Sites can register auth-gated tools that only appear when the user is logged in. Your agent inherits the browser's session state, so if the user has authenticated with the website in their browser, the agent sees the authenticated tools. For headless agent setups, you'd need to handle cookie injection or OAuth flows before tool discovery. The tools themselves don't manage authentication. That's the browser's job.

What happens if a website's tools are poorly designed?

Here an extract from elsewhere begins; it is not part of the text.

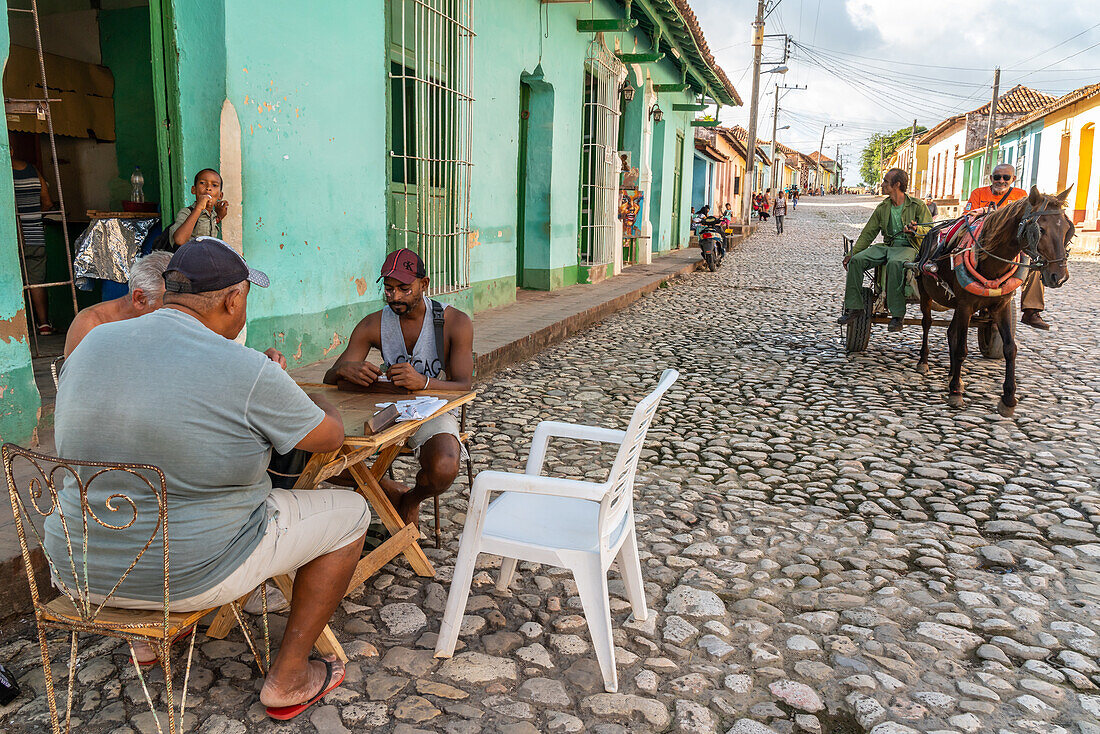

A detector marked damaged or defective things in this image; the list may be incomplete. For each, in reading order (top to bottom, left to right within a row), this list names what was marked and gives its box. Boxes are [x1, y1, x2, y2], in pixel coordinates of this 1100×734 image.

peeling paint [0, 310, 28, 344]
peeling paint [322, 332, 342, 358]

Your agent struggles. Vague tool descriptions make intent matching unreliable. Missing schema definitions mean your agent can't validate parameters before calling. Overly broad tools that try to do too much return noisy results. The best mitigation is confidence scoring: if your agent isn't confident about a tool match, it should ask the user for guidance rather than calling a tool it doesn't understand.

How is this different from building MCP server integrations?

MCP servers expose tools through a backend protocol. WebMCP exposes tools through the browser. An MCP server integration requires the website to run a server-side process. WebMCP tools run in the browser's JavaScript context and require no server infrastructure. The agent-side consumption pattern is similar (discover tools, match intent, call tool), but the runtime environment is different. Many agents will eventually support both.

What's the minimum viable WebMCP agent?

About 50 lines of JavaScript. You need Playwright (or similar) to launch a browser, page.evaluate() to call navigator.modelContext.tools() for discovery, a simple LLM call for intent matching, and another page.evaluate() to execute the matched tool. The code examples in this article form a working foundation. Add error handling and multi-site support, and you have a production-capable agent.